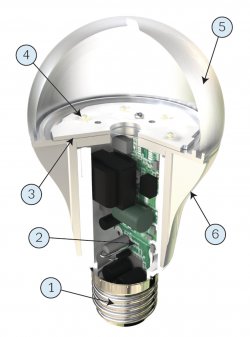 Konstrukce LED žárovky DLB-E27-806
1 – patice žárovky, 2 – napájecí zdroj,
3 – plošný obvod s diodami, 4 – LED,
5 – polykarbonátový klobouček,
6 – chladič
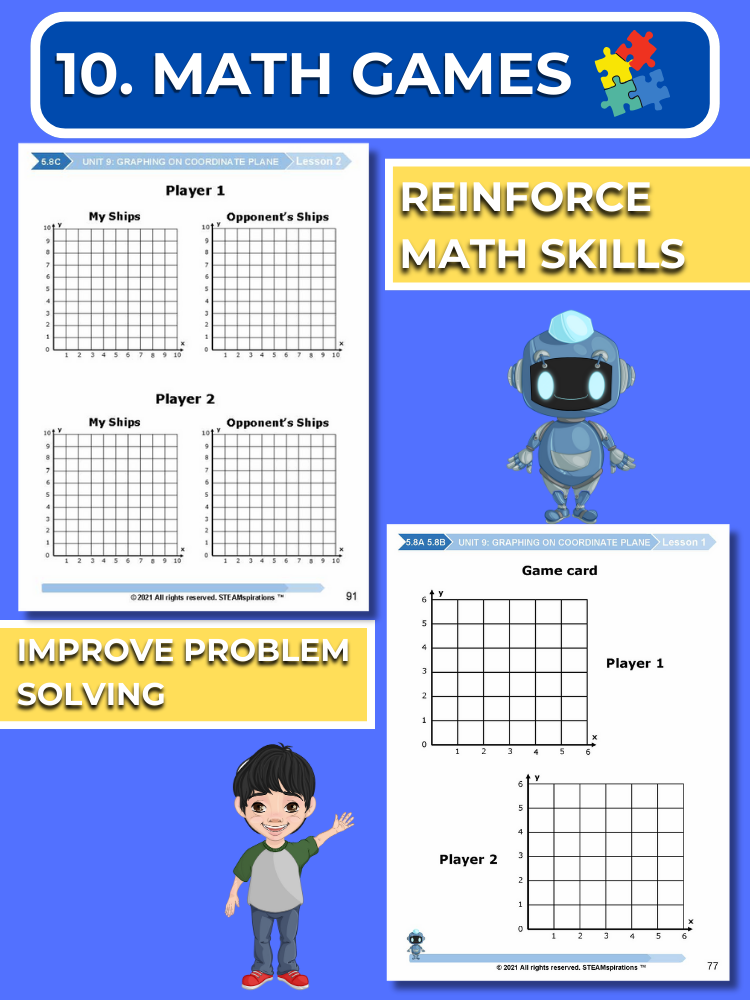 Mathtastico! 5th Grade Math Bundle Unit 9 Graphing On Coordinate Plane - E-Book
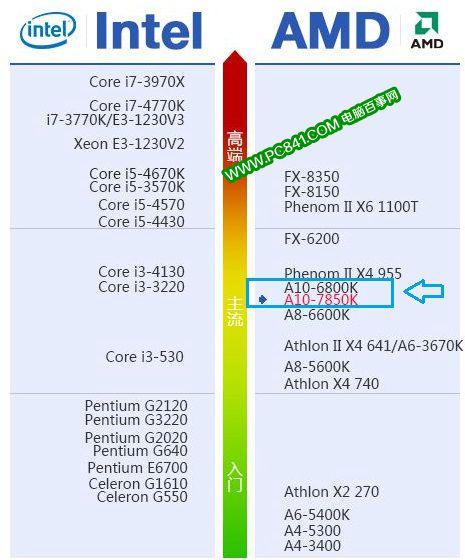 A10-7850K怎么样 A10-7850K显卡性能如何？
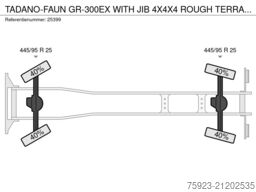TADANO-FAUN GR-300EX WITH JIB 4X4X4 ROUGH TERRAIN CRANE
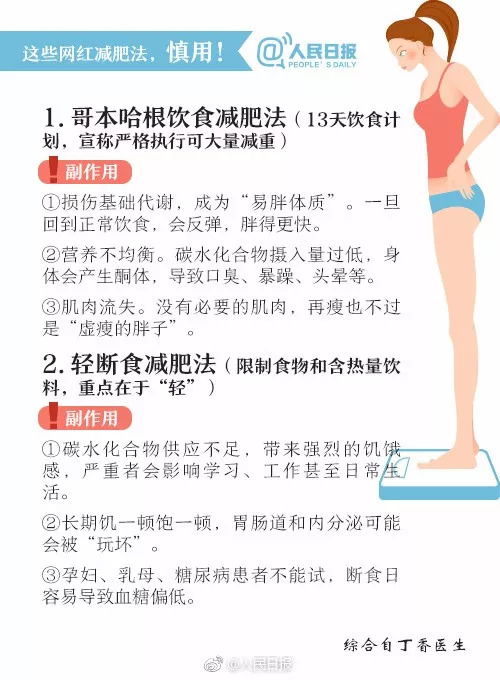 叶珂体重从101斤减到91斤 BMI 16.3坦言为了直播上镜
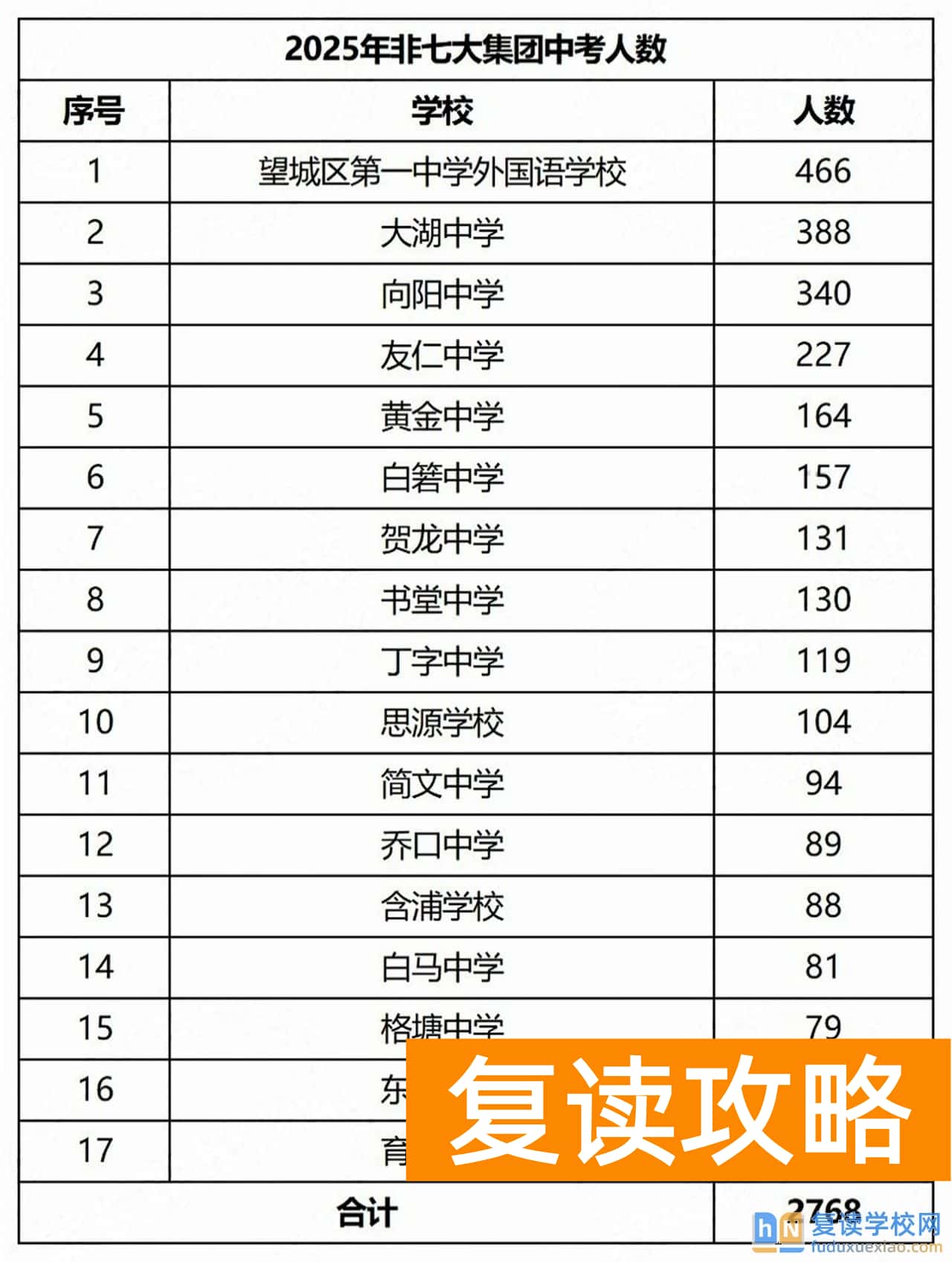 2025年长沙中考6.7万人！各集团人数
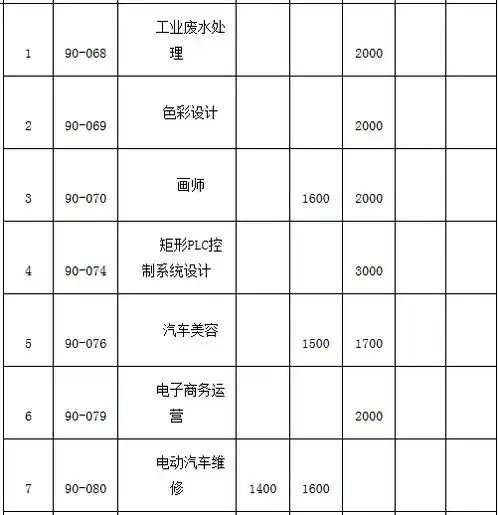 有这些证的恭喜了国家要发补贴,最高7000元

• Task requirements
In the data above, find the line containing "叶珂体重从101斤减到91斤 BMI 16.3坦言为了直播上镜", then output it and every later line exactly, without the pictures.

• Result
 叶珂体重从101斤减到91斤 BMI 16.3坦言为了直播上镜
 2025年长沙中考6.7万人！各集团人数
 有这些证的恭喜了国家要发补贴,最高7000元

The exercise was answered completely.